The issue of production had only arisen after the trial had concluded.
The decision extended the rules of discoverability to the point
where counsel would be inhibited in her role as an advocate.
Immediately after the judgment was released, the decision
was appealed to a panel of three judges of the Court of Appeal.
Their decision was released on September 20, 2006 (Conceicao
Farms Inc. v. Zeneca Corp. (2006) Docket No. M34061 C42088 ("Conceicao")).
Justice Gillese's decision was overturned on review.
The Court focused on the timing of the request for disclosure and
the wording of rule 31.06(3) of the Rules of Civil Procedure.

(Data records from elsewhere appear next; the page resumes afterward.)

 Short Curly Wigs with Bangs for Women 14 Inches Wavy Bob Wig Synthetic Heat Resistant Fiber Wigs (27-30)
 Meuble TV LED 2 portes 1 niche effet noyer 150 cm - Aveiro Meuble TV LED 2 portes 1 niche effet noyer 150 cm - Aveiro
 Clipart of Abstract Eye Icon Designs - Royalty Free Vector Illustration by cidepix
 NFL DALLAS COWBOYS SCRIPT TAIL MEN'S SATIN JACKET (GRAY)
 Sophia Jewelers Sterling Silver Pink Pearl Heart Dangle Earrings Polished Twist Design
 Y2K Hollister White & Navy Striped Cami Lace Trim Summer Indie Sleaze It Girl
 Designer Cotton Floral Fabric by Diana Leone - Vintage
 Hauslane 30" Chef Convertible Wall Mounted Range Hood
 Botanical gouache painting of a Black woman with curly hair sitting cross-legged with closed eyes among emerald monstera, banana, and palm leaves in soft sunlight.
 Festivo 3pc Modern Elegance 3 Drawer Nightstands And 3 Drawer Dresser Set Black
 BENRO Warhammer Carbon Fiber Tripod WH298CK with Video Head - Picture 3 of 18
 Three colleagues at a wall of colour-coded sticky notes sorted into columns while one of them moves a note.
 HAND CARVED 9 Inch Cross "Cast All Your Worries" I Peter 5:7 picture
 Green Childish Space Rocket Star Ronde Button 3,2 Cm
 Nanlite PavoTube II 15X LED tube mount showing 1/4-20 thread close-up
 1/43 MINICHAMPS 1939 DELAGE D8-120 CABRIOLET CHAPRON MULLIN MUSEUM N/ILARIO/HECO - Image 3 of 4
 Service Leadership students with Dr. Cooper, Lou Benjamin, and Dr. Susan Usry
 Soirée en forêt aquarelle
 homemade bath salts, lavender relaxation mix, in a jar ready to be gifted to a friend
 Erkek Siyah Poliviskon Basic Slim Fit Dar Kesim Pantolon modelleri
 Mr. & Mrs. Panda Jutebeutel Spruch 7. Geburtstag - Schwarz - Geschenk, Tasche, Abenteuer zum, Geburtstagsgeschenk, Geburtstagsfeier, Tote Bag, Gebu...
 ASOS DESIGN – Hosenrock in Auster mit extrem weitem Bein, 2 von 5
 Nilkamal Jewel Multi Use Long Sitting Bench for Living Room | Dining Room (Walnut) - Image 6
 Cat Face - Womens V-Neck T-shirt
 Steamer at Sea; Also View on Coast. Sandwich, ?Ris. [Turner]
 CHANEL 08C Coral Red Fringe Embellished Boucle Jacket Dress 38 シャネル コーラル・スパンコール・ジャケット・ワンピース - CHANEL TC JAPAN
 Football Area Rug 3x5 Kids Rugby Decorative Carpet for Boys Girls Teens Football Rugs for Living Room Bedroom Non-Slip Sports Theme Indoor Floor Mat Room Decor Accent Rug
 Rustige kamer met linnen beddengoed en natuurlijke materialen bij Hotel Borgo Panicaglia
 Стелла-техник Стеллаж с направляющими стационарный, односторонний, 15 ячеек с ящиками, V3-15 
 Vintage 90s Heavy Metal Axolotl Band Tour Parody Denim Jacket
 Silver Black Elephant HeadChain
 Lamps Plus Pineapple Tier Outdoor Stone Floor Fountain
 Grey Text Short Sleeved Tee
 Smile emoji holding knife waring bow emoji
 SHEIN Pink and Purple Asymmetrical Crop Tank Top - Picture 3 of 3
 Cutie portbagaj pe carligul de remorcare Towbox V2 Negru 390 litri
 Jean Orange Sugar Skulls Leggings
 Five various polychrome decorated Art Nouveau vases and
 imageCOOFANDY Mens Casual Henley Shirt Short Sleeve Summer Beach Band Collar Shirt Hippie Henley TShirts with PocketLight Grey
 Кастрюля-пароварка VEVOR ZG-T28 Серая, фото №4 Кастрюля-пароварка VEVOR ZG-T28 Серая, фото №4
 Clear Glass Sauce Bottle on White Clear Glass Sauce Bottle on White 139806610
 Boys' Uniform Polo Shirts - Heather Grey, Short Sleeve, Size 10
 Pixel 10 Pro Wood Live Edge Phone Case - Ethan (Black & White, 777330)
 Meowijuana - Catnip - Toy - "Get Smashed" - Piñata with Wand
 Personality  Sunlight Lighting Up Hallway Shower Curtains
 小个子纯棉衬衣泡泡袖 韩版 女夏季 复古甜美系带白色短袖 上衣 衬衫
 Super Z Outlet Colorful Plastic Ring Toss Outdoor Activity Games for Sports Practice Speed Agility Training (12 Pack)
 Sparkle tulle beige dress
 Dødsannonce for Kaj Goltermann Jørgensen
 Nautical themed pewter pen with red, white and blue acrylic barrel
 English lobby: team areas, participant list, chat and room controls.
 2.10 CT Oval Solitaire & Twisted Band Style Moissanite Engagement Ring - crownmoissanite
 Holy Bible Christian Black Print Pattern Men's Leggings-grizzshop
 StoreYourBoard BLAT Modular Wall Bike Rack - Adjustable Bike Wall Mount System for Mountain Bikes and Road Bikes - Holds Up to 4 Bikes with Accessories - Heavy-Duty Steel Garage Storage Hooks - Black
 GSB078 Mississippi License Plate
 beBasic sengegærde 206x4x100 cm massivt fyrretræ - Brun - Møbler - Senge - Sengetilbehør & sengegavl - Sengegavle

The rule states that a party can obtain, on discovery, "disclosure
of the findings, opinions and conclusions of an expert engaged",
if the findings, opinions and conclusions relate to a matter at
issue in the action.
The Court held that this rule does not speak to the
production of documents. Rather, counsel has a right to ask the
expert about his or her findings, opinions or conclusions, but they
do not have the right to demand production of the related documents.
By asking the appropriate questions, counsel can learn of the relevant
information without seeing the privileged document.
The Court held that the memorandum itself did not
need to be produced. Having said that, the Court did not need to
address when the notes, drafts and records of an expert become discoverable
findings, opinions and conclusions. The Court further held that
the rule is not so broad that every communication between counsel
and her expert must be disclosed, but did not elaborate further.
The Court noted that in Conceicao, counsel
only sought disclosure of the memo after the trial had concluded.
Counsel was at all times aware that an expert report had been prepared.
This entitled them to seek discovery of any foundational information
before trial. The Court held that Rule 31.06(3) only applies to
the discovery portion of an action, which is concluded at the point
of trial, and it would be unfair to allow further discovery after
trial had concluded.
This decision does not adequately deal with the issue
of disclosure. Although the Court of Appeal disposed of the issue,
it has left significant doubt as to what documents will need to
be disclosed to opposing counsel. Until the appellate courts come
to a definitive conclusion on the scope of discoverability, counsel
will have to be alert to the possibility that any communication
with an expert witness may ultimately be disclosed to the other
parties in an action.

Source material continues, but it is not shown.